Thanks Emir & Shawn for chiming in!.
I am testing deleteById in solr6.6.3 and it does not seem to work. I have a
6 shards in my collection and when sending query to solr a routing key is
also passed. Also tested this in solr 5.3 also, with same results.
Any suggestions why that would be happening?
Thanks
Jay
On Wed, May 23, 2018 at 1:26 AM Emir Arnautović <
emir.arnautovic@sematext.com> wrote:
> Hi Jay,
> Solr does not handle it differently from any other DBQ. It will show less
> issues then some other DBQ because affects less documents but the mechanics
> of DBQ is the same and does not play well with concurrent changes of index
> (merges/updates) especially in SolrCloud mode. Here are some thoughts on
> DBQ: http://www.od-bits.com/2018/03/dbq-or-delete-by-query.html <
> http://www.od-bits.com/2018/03/dbq-or-delete-by-query.html>
>
> Thanks,
> Emir
> --
> Monitoring - Log Management - Alerting - Anomaly Detection
> Solr & Elasticsearch Consulting Support Training - http://sematext.com/
>
>
>
> > On 23 May 2018, at 02:35, Jay Potharaju <js...@gmail.com> wrote:
> >
> > Hi,
> > I have a quick question about deletebyQuery vs deleteById. When using
> > deleteByQuery, if query is id:123 is that same as deleteById in terms of
> > performance.
> >
> >
> > Thanks
> > Jay
>
>
Re: deletebyQuery vs deletebyId
Posted by Emir Arnautović <em...@sematext.com>.
Hi Jay,
Solr does not handle it differently from any other DBQ. It will show less issues then some other DBQ because affects less documents but the mechanics of DBQ is the same and does not play well with concurrent changes of index (merges/updates) especially in SolrCloud mode. Here are some thoughts on DBQ: http://www.od-bits.com/2018/03/dbq-or-delete-by-query.html <http://www.od-bits.com/2018/03/dbq-or-delete-by-query.html>
Thanks,
Emir
--
Monitoring - Log Management - Alerting - Anomaly Detection
Solr & Elasticsearch Consulting Support Training - http://sematext.com/
> On 23 May 2018, at 02:35, Jay Potharaju <js...@gmail.com> wrote:
>
> Hi,
> I have a quick question about deletebyQuery vs deleteById. When using
> deleteByQuery, if query is id:123 is that same as deleteById in terms of
> performance.
>
>
> Thanks
> Jay
Re: deletebyQuery vs deletebyId
Posted by Shawn Heisey <ap...@elyograg.org>.

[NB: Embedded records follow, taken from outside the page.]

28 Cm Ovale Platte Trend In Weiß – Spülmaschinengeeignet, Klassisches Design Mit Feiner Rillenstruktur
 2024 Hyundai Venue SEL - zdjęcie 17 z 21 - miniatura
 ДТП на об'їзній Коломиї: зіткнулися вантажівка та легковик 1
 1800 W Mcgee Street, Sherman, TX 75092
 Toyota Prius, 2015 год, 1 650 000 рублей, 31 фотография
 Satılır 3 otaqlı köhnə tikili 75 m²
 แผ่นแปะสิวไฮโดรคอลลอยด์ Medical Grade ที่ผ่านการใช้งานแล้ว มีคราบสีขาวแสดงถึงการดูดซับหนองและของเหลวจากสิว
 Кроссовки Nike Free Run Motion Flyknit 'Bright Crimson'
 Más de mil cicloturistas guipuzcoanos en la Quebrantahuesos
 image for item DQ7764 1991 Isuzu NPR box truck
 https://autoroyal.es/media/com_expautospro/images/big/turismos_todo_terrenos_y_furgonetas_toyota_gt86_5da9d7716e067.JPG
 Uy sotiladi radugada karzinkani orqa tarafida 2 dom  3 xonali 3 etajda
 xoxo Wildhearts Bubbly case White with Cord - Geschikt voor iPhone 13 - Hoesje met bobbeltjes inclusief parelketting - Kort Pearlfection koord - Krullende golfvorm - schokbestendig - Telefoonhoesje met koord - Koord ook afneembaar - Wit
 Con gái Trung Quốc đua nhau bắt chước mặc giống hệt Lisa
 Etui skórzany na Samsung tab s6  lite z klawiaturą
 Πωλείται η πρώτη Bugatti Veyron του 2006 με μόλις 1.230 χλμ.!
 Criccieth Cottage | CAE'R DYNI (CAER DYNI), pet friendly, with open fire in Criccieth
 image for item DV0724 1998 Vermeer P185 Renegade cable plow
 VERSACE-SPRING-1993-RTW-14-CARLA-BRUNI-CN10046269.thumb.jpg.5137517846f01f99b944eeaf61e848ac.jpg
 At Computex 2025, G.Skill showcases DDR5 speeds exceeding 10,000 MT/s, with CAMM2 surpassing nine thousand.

On 5/22/2018 6:35 PM, Jay Potharaju wrote:
> I have a quick question about deletebyQuery vs deleteById. When using
> deleteByQuery, if query is id:123 is that same as deleteById in terms of
> performance.
If there is absolutely nothing else happening to update the index, the
difference between the two would probably be outside normal human
perception of time -- I think you'd only be able to see the difference
by measuring it with software, and you might need something that can
show time units below one millisecond. On a query that matches a lot of
documents, the difference might be more pronounced, but likely still
pretty small.
The issue with DBQ, which I already explained to you on another mailing
list thread, is that DBQ can interact badly with other operations,
segment merges in particular. The delete itself won't take very long,
but the simple fact that DBQ was used might result in a noticeable pause
in your indexing operations.
http://lucene.472066.n3.nabble.com/Async-exceptions-during-distributed-update-td4388725.html#a4388787
As mentioned there, the pauses don't happen with id-based delete.
Thanks,
Shawn